There is mostly one figure in Cheng Yong’s painting. Besides himself, there’s also a female figure with long hair easily seen in his paintings, like Dream, Renaissance, Stealing the Green, Paralysis, etc. She is curling up like a cocoon, with which it seems that she’s trying to block the clamor of reality so as to hide herself into her inner world. It might be another metamorphosis of the painter. Even though there are more than one character in the paintings, such as Pieces and On the Spatial Parallelism, Inversion and Overlap, each goes his own way and never talks to another; the paintings show scenes of daily life, yet a solitude and cold world. Growing up in the 20th century, Cheng Yong has enjoyed the rich material life brought by the economic development from 1980s, but at the same time feels a strong sense of cultural anxiety. The more flourishing the atmosphere is, the more lonely and hesitant he is, the slight message of which could be tracked from his paintings.
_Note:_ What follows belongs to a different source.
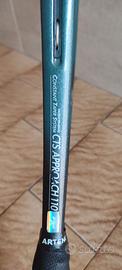 Racchette da tennis Prince CTS Approach 110.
Cheng Yong considers himself of great enthusiasm towards realist oil painting as well as addiction and persistence. He unfolds his world with realist oil paintings, while his solid realistic skills bring his artworks more convincing. He says in his autobiography, “For the past few years, I have been trying hard to combine the modern cultural phenomenon with local traditional culture into a whole disposition, which is common in my artworks because I consider it an essence beyond the paintings and sympathetic to the audiences. In this way, I take the oil painting from a western art form into expression of my own way of thinking and feeling.” It is the “essence beyond the paintings” that makes his paintings touching. After many years of study, what is amazing in his painting is not the superior technique, but the aesthetics and spirits extracted from it. There is a touching power in his art present with his vivid expression, amazing and catching, which highlights the unique advantages of art. The seemingly simple expression is actually punching us with the sense of loneliness, anxiety and hesitation.
He says, “The techniques should be employed with the artist’s mind and blood rather than as the mere skills and dogmatic inflexibility.” Cheng Yong made it in his paintings. With acuity to listen to his heart, he expresses in art the circumstances of the new times and his own opinions with confidence, which represents the ideological conditions of new times. It’s a new road of the young generation, different from the art of the older generation like Luo Zhongli.
Born in 1983, Cheng Yong graduated from the Oil Painting Department in Luxun Academy of Fine Arts in 2006 and won the Luo Zhongli Scholarship with Net in the same year. He’s the typical example of the youngest generation in the modern art circles. Cheng Yong was only 23 years old when I first met him, which allows me to observe the growing of the young artist with a close-up view; and with him, I have also had the chance to know the young artists’ ways of thinking and thoughts. Cheng Yong is in his prime and has a promising future. With his current bright achievements as the solid foundation, his future is more worth expecting.